* INSTRUCTIONS TO FOLLOW: In the material below, find the line with "So there you"; set down that line and every line after it to the end, exactly, without pictures.

* DATASET SECTION:

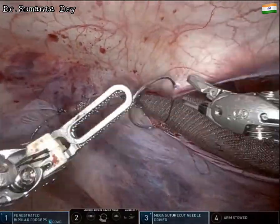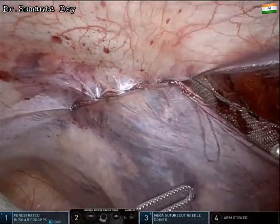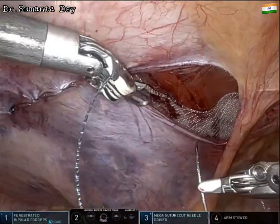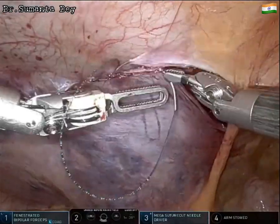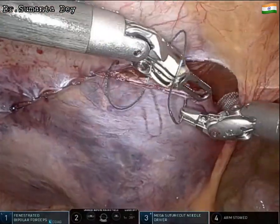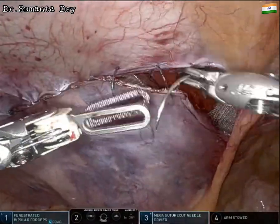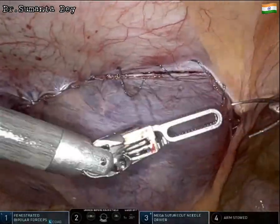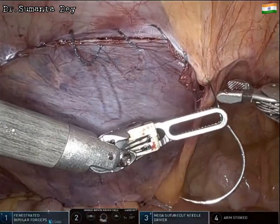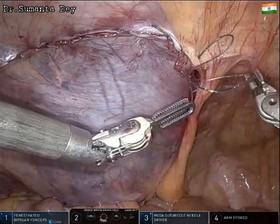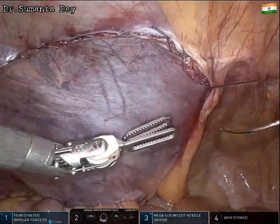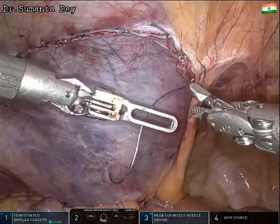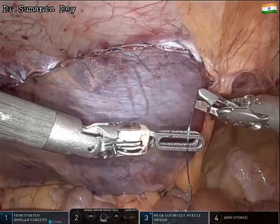Continuous suturing with 3-0 absorbable V-Loc suture is performed for peritoneal flap closure. Before deflating the pre-peritoneum, all gas is evacuated from the pre-peritoneal area so the peritoneum adheres to the mesh. The patient had an uneventful recovery and was discharged on the first postoperative day.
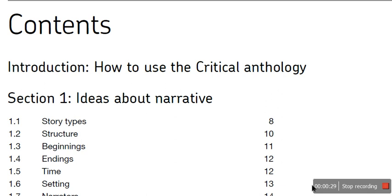So the exam board give you a critical anthology. It's a selection of samples from different literary academic articles that criticise different genres, different types, different ways of reading. Now, criticism here doesn't necessarily mean that they think it's bad. Criticism is to critique something, to judge about how well something conveys a particular message or how well a text writes in a particular genre or stuff like that. So as we go through, we'll get more and more detail and you'll see what I mean.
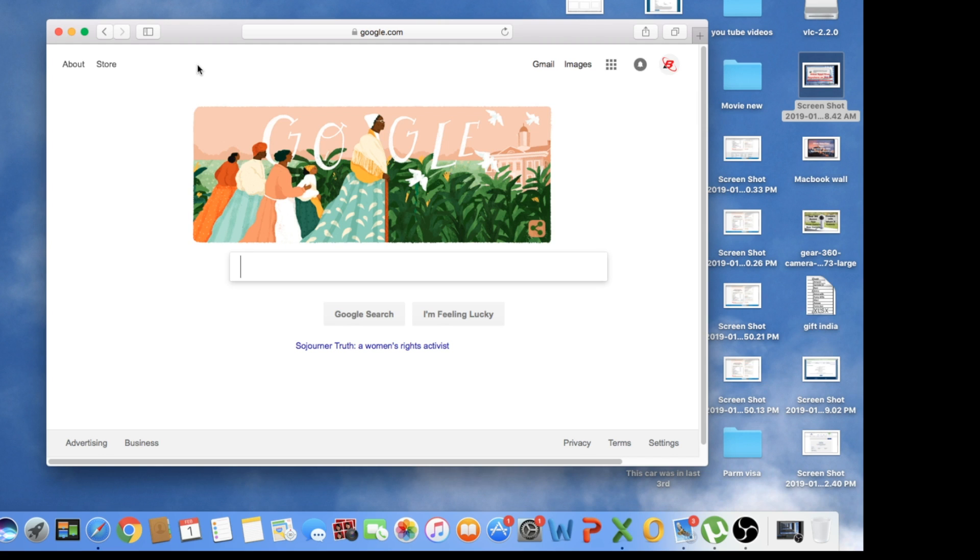So there you have it, your address bar back. Thank you for watching. If you like my video, please like, share, and comment. Don't forget to subscribe. Thank you for watching.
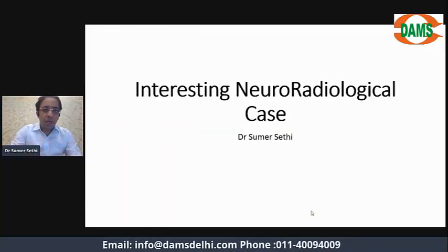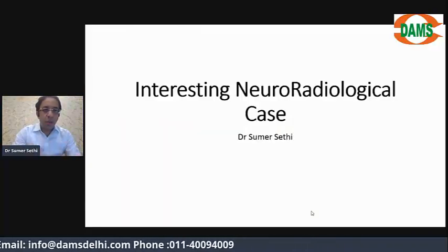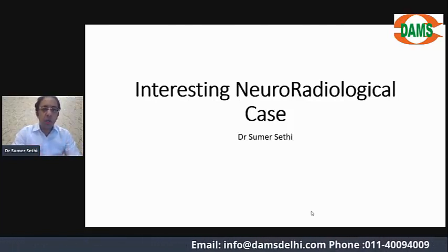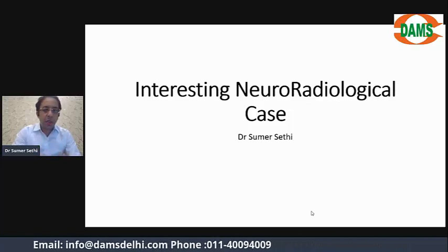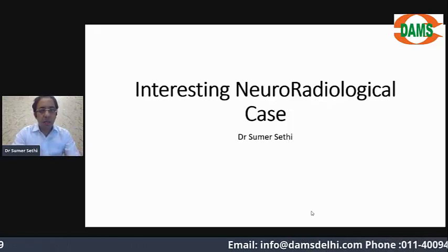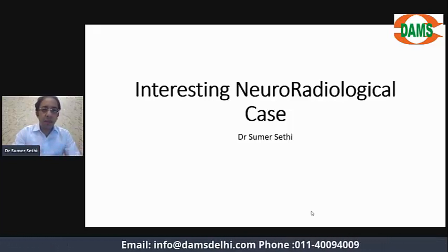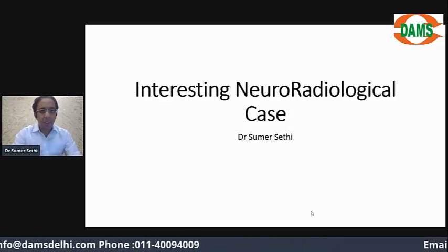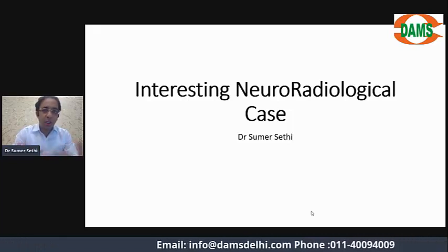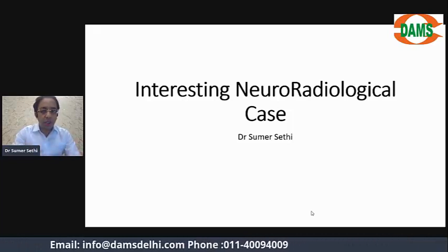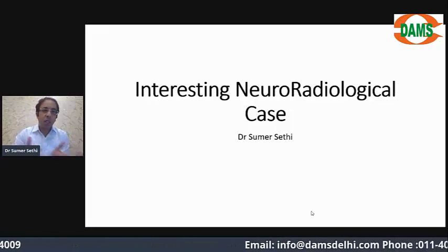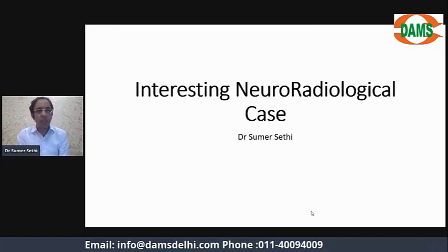Hi friends, we have initiated a series on YouTube where we discuss interesting clinical cases. Today I'll discuss an interesting neuro-radiological case, showing how radiology helps in the diagnosis of unusual cases — and many times it has treatment implications as well. I'm intentionally not telling you the diagnosis in the first slide because I want you to think along with me. I will look at the case on the workstation, just like you'd see in a real hospital scenario.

* RESPONSE AREA:
So there you have it, your address bar back. Thank you for watching. If you like my video, please like, share, and comment. Don't forget to subscribe. Thank you for watching.
Hi friends, we have initiated a series on YouTube where we discuss interesting clinical cases. Today I'll discuss an interesting neuro-radiological case, showing how radiology helps in the diagnosis of unusual cases — and many times it has treatment implications as well. I'm intentionally not telling you the diagnosis in the first slide because I want you to think along with me. I will look at the case on the workstation, just like you'd see in a real hospital scenario.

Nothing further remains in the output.